The word mutilation has problems because it carries a perception that the outcome was the intent. I prefer accuracy in words, and mutilation is accurate, but there’s a level of deference to marketing necessary surrounding this issue. The common misunderstanding when the topic is male circumcision and mutilation is used is that the boy’s parents intended to mutilate him, or that they forced circumcision on him maliciously. That is not the case, obviously. Parents don’t have that intent, but intent isn’t tied to outcome for genital cutting. We need to find a way to communicate that. Ms. Diatta’s approach may not satisfy our (unproductive) need to feel righteous. That’s okay because moral victories don’t stop unnecessary genital cutting.

But how big is the issue of female circumcision and forced marriage in Senegal?
“In my village, 89 percent of girls are circumcised. If you are not, you’re marginalized. You cannot get married, you cannot cook for anyone. It is a criterion for a good marriage. You have to be circumcised. Even if your mother does not like it, she has to do it. To protect yourself against what? Against your own society.”

“There are people who confuse things, especially Westerners. They think it’s a barbaric act. That it is a mutilation. That it is terrible for a mother to mutilate her own child. It is not the case! It is one of the reasons for the failure of this communication to really try to erase this practice in my country.”

I think it’s useful to recognize here that some of the societal perceptions she cites are similar in logic to the cultural rationales given for male circumcision. It’s about inclusion more than anything. We recognize the fallacy of cutting girls for this type of reason.

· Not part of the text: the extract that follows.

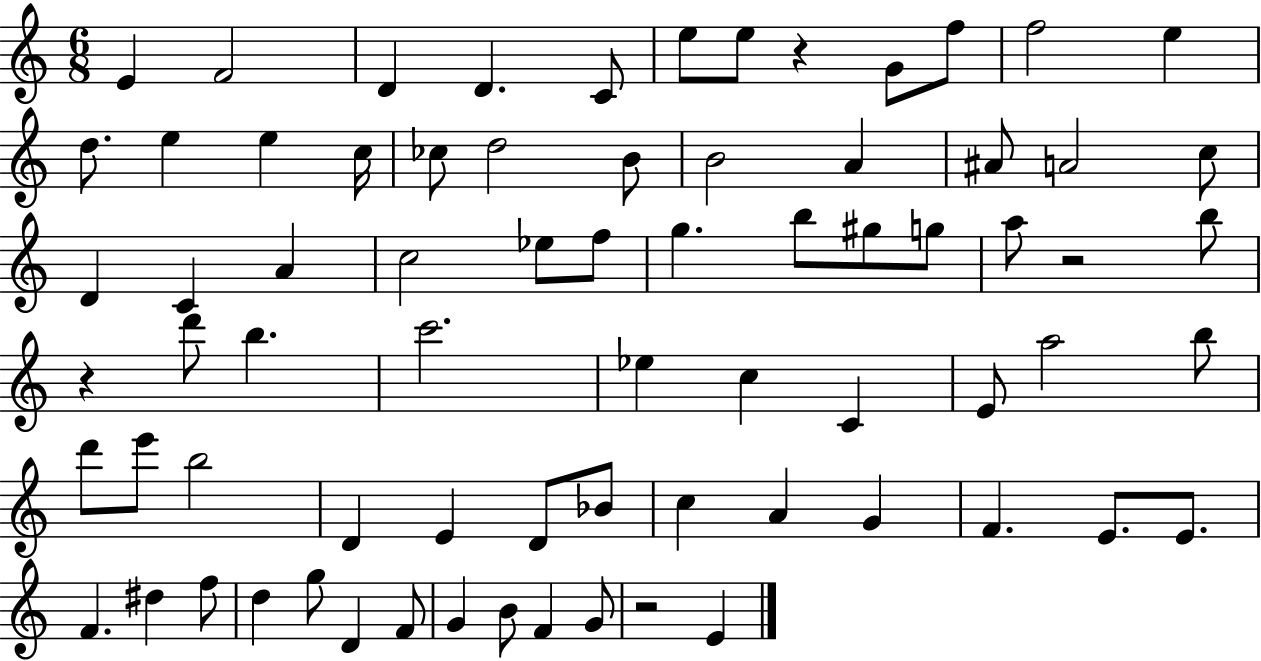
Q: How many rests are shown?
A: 4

There’s no reason to exempt cutting of boys for the same type of reason(s).

The second paragraph is the key here. It took me a few reads to grasp her meaning. She’s saying the culture doesn’t need to change, that ideals and values can still be instilled. The only change would be to drop the cutting. It’s the same concept as transitioning from a brit milah to a brit shalom. Respect for tradition is good and can be altered just enough to maintain a cultural connection while respecting the child’s rights. Again, even though it feels good to denounce as strongly as possible, Ms. Diatta is on the right path.

This movie starring Sister Fa is powerful in showing her resolve and methods. It also instructs on the complexity of FGM and how and why it’s carried out.

The movie is worth your time. A few quotes from Sister Fa from the movie:

  • It was my mother who did it to me. Even today I don’t understand why.
  • Mothers don’t do it because they are malicious. It’s a contradiction.
  • They want to protect their children against a society which could marginalise them.

From Ibrahima Diatta, Sister Fa’s father:

“You know in our African societies and especially in the Diola Ethnie, the woman has her affairs where she doesn’t have to consult her husband. So when it was the matter to cut Fatou I didn’t know about it. I was just informed that she got cut.”

Yes, males impose FGM on girls. Yes, it’s done to affect/destroy sexual pleasure. But these aren’t exclusive. Again, the issue is more complicated. As these (anecdotal) quotes suggest, women also impose FGM on girls. It is also done to conform rather than destroy, even if the latter is likely or inevitable. There are important, undeniable similarities between female and male genital cutting that must be recognized, even when these facts challenge what society wants to believe. Western values have (mostly) settled the moral question of female genital cutting. We err when we endorse extraneous aspects of male genital cutting and imagine that these are somehow different, despite sufficient evidence to the contrary.

The cultural, “medical”, and religious considerations granted to parents for boys are rejected for girls, as they should be. Today, I hope we can begin to cease imagining differences that don’t exist. Today is about respecting the rights of girls. That is a noble cause. It will be articulated better as we begin recognizing an equal human right to be free from unnecessary genital cutting.